* What you should do
The answer must reproduce the listing exactly, with every picture left out.

* Source data
= = =
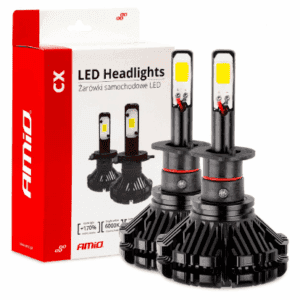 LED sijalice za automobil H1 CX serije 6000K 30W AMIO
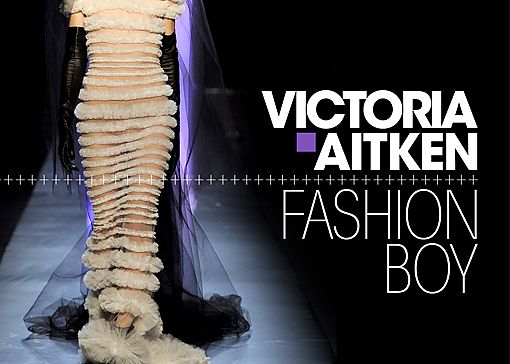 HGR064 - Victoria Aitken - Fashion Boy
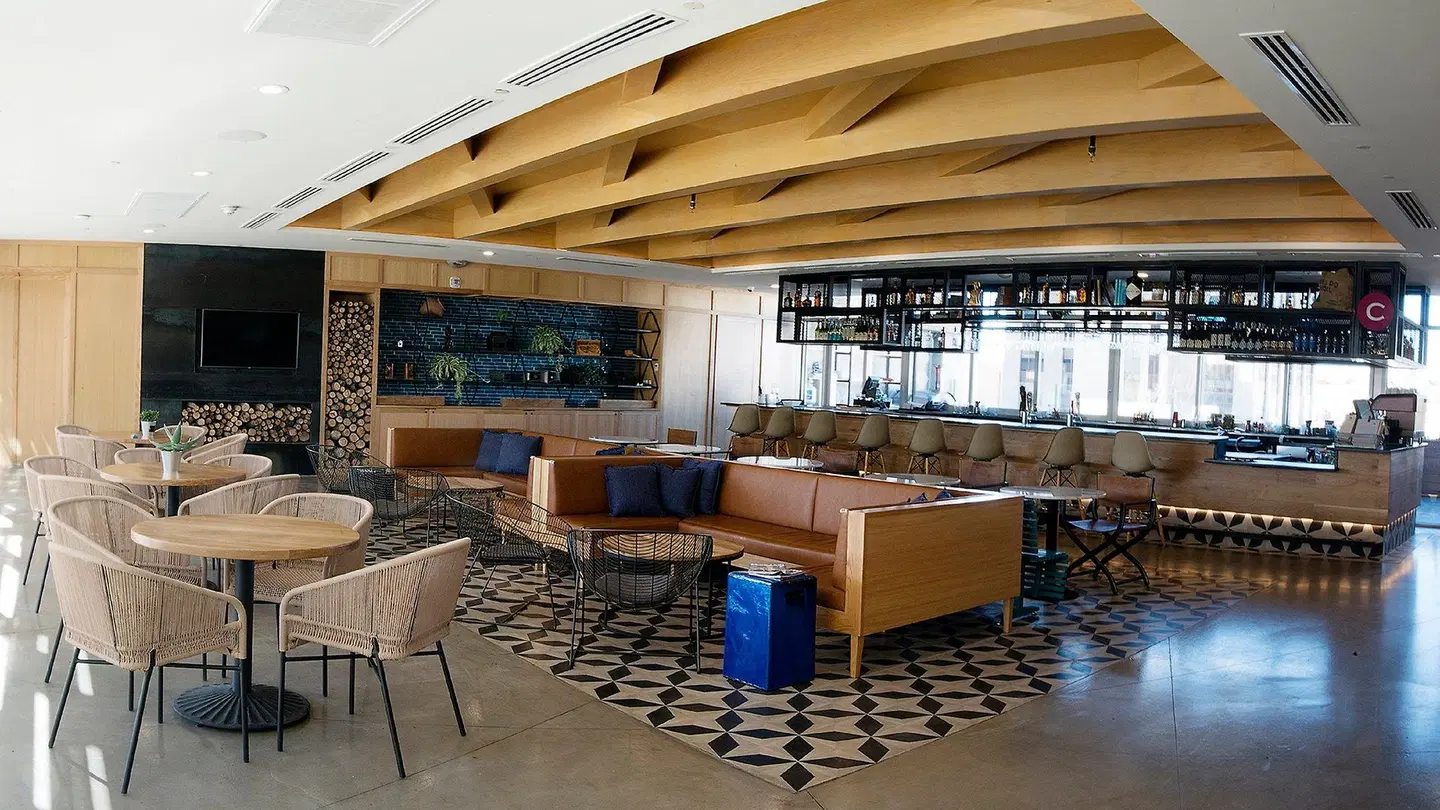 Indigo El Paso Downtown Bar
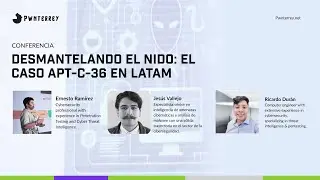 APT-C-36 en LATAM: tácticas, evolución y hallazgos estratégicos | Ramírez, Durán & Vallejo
= = =
* Expected output
 LED sijalice za automobil H1 CX serije 6000K 30W AMIO
 HGR064 - Victoria Aitken - Fashion Boy
 Indigo El Paso Downtown Bar
 APT-C-36 en LATAM: tácticas, evolución y hallazgos estratégicos | Ramírez, Durán & Vallejo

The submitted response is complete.